Looking across the full set of PDX samples in the study, the researchers found that more than 20 percent exhibited both copy number amplification of PI3KCA at the genomic level and overexpression of AKTs at the protein level, indicating, they said, that this "may be a common signature of breast tumors."

"When you think about it, next-generation sequencing has not been hugely successful yet, with a lot of controversy in terms of drug choice based on genomic principles," Ellis said. "There are a few nice examples, ALK translocations in lung cancer and EGFR mutation in lung cancer and maybe HER2 mutation in breast cancer, but there are all very small populations. For the bulk of these cancers, genomic analysis alone has not provided us with elegant predictive markers."

"So, when we look at that [Nature Communications study], there is a lot of emphasis on methodology, but also you see the beginnings of this new deeper profiling where we are [using] proteomics to guide us towards more accurate therapeutic hypotheses than the genome alone."

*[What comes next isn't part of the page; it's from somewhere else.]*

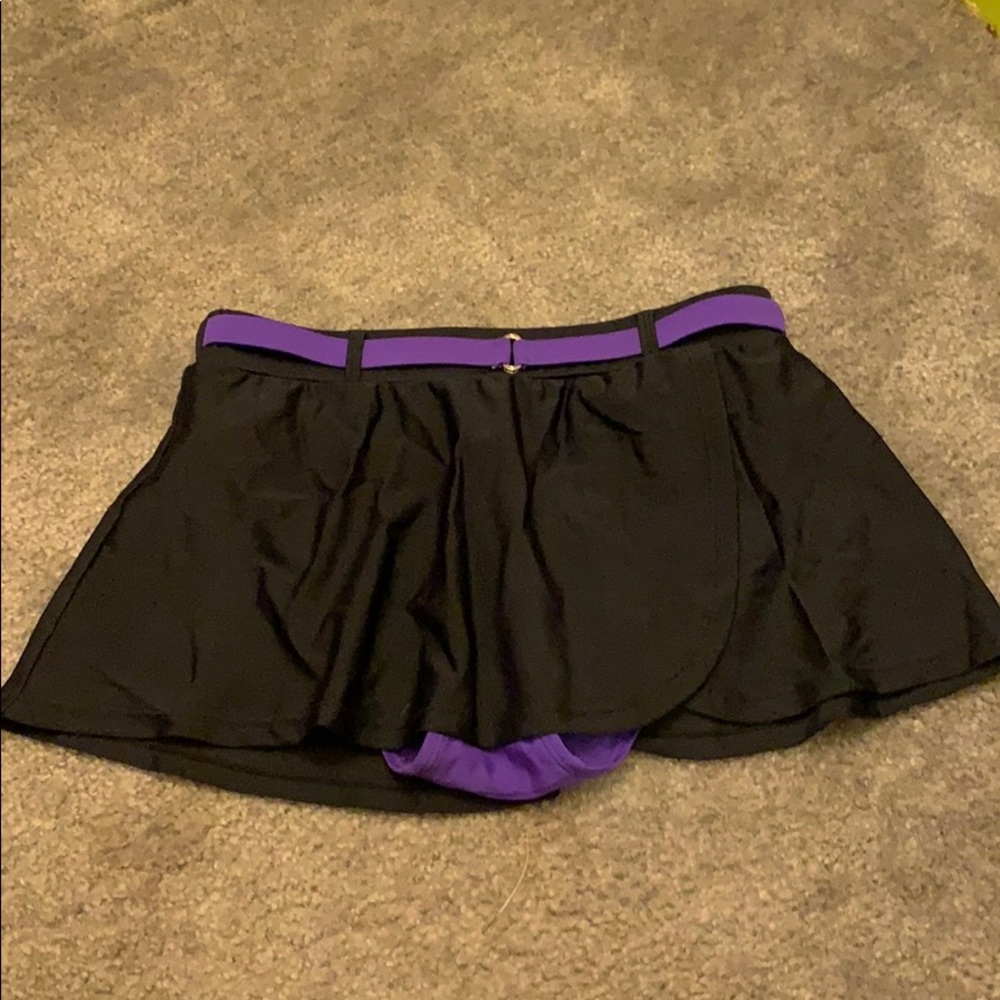 Purple and black baiting suit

Even in the case of well-established disease subtypes like HER2-positive breast cancer, there is reason to believe proteomic and phosphoproteomic data can improve treatment, Ellis said. "HER2-positive breast cancer is a hugely heterogeneous disease, and we all know there are patients there who are getting Herceptin and aren't benefiting and patients who should have gotten Herceptin and didn't get it. And I think these are all things that can be addressed using proteomics."

Ellis said that he and his colleagues in the CPTAC program hope to tackle more specific, narrowly defined clinical questions in the third stage of the initiative. The NCI announced in November that it was soliciting applications for this stage, which will include funding for three Proteogenomics Translational Research Centers where researchers will use proteogenomics to investigate drug response in specific clinical contexts.

This, Ellis said, will allow the initiative to tackle questions of the actual clinical utility of the proteogenomic methods developed and used in the second stage of the initiative.

"Are we or are we not going to have mass spec-based proteomics as a clinical tool?" he said. "I think that is what CPTAC 3 is now going to address."

For his part, Ellis said he believed mass spec-based proteomics would find a place in the clinic for guiding cancer therapy, likely within the next five years.

What exactly those assays will look like remains to be seen, he said, though he suggested the most likely route would be targeted measurements on high-resolution instruments, such as the parallel-reaction monitoring approach a number of researchers have been exploring as an alternative to traditional multiple-reaction monitoring assays.

" I think there are all sorts of very intelligent [mass spec] technologies that can produce some very useful clinical profiles," Ellis said.